TASK OBJECTIVE: The copy you give must match the listing below exactly and contain no pictures.

INFORMATION SHOWN:
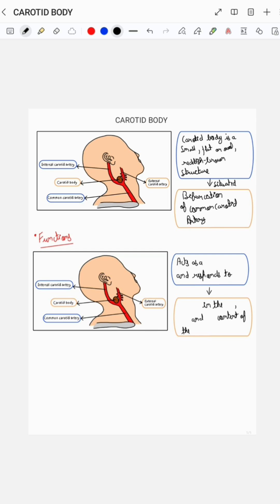This carotid body acts as a chemoreceptor and it responds to the changes in the oxygen, carbon dioxide and pH content of the blood.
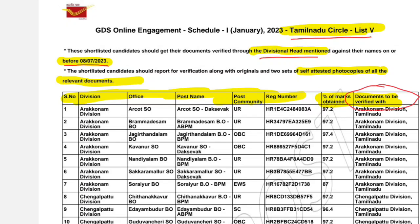This document is a journal. You can see the following document. If you apply for the division, your office, post name, your community, and the registration number, you will have full details of which division you need to verify your document in.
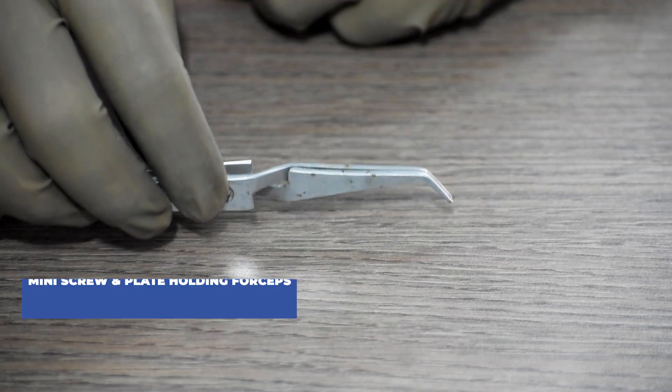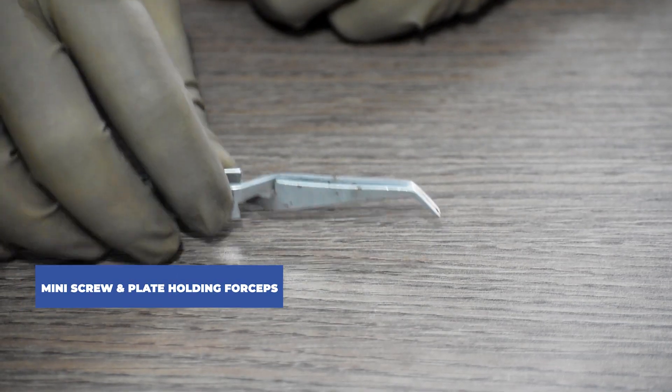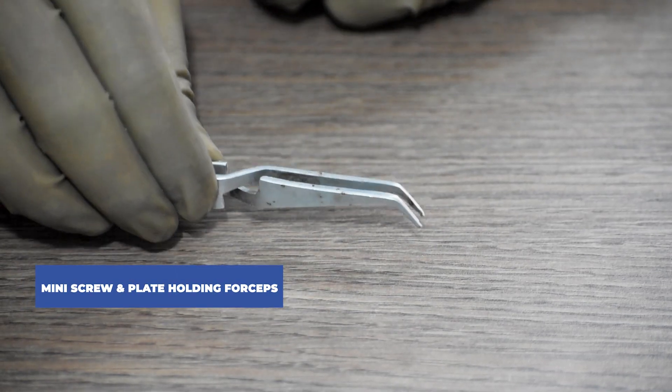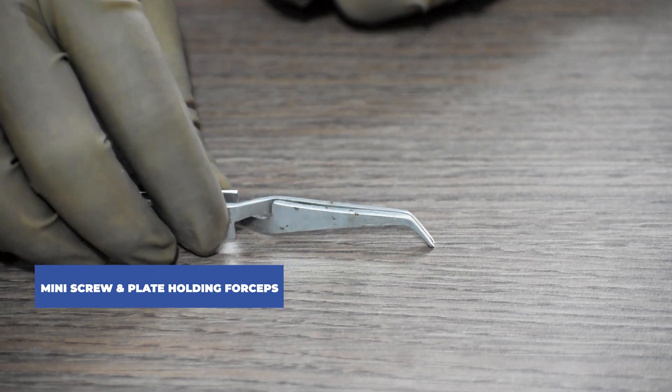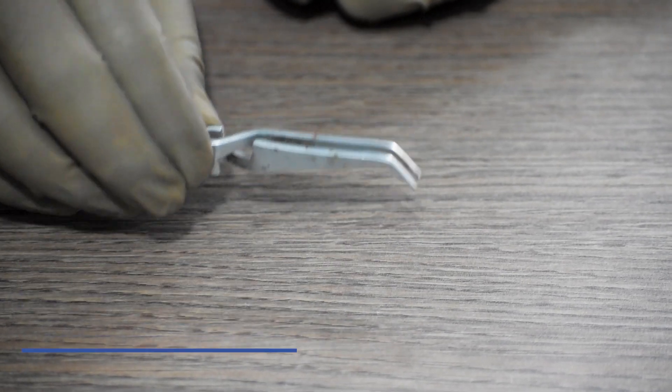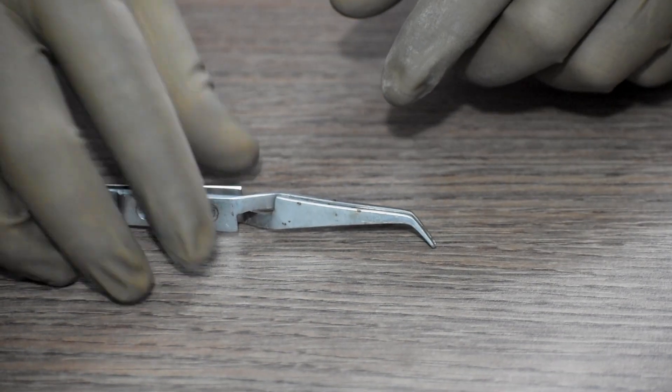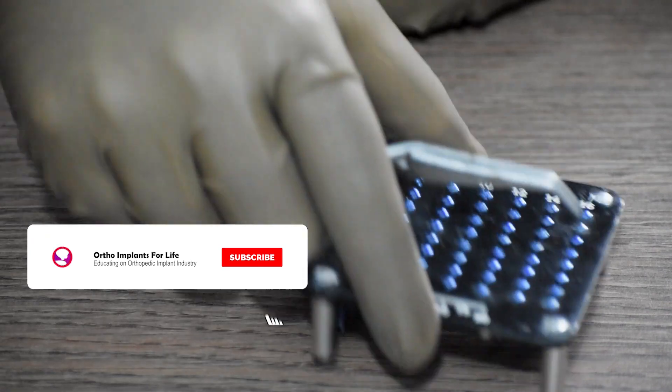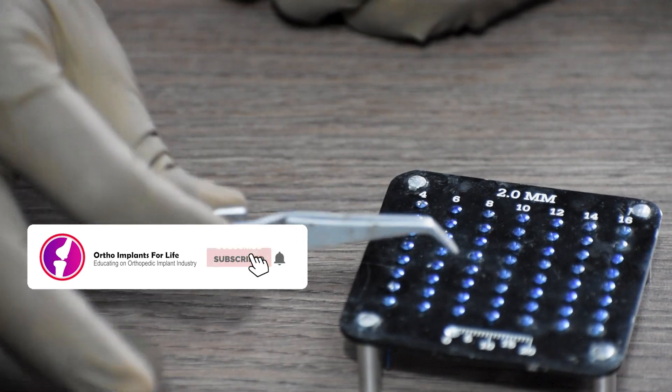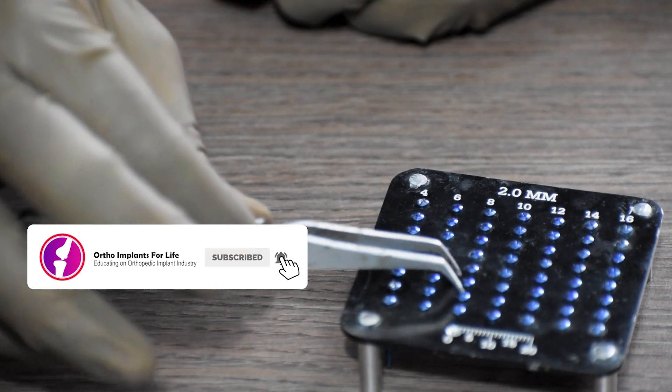Next is the mini screw and plate holding forceps. It is used to hold the plates in the fracture site or to pick up screws.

WRITTEN SOLUTION:
This carotid body acts as a chemoreceptor and it responds to the changes in the oxygen, carbon dioxide and pH content of the blood.
This document is a journal. You can see the following document. If you apply for the division, your office, post name, your community, and the registration number, you will have full details of which division you need to verify your document in.
Next is the mini screw and plate holding forceps. It is used to hold the plates in the fracture site or to pick up screws.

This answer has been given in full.